ASSIGNMENT
Of all the lines in these entries, count those that contain "Gift" and give only the total.

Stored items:
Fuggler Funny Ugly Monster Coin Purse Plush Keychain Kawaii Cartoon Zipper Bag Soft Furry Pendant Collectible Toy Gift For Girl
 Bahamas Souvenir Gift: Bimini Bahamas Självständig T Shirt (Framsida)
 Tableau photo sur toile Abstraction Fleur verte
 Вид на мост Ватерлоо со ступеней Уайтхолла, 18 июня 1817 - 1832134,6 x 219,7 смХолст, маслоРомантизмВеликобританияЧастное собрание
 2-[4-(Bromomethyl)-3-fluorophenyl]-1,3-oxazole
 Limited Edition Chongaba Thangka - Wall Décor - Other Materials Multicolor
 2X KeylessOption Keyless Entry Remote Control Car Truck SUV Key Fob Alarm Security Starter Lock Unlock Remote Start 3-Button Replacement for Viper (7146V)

RESULT OF THE TASK
2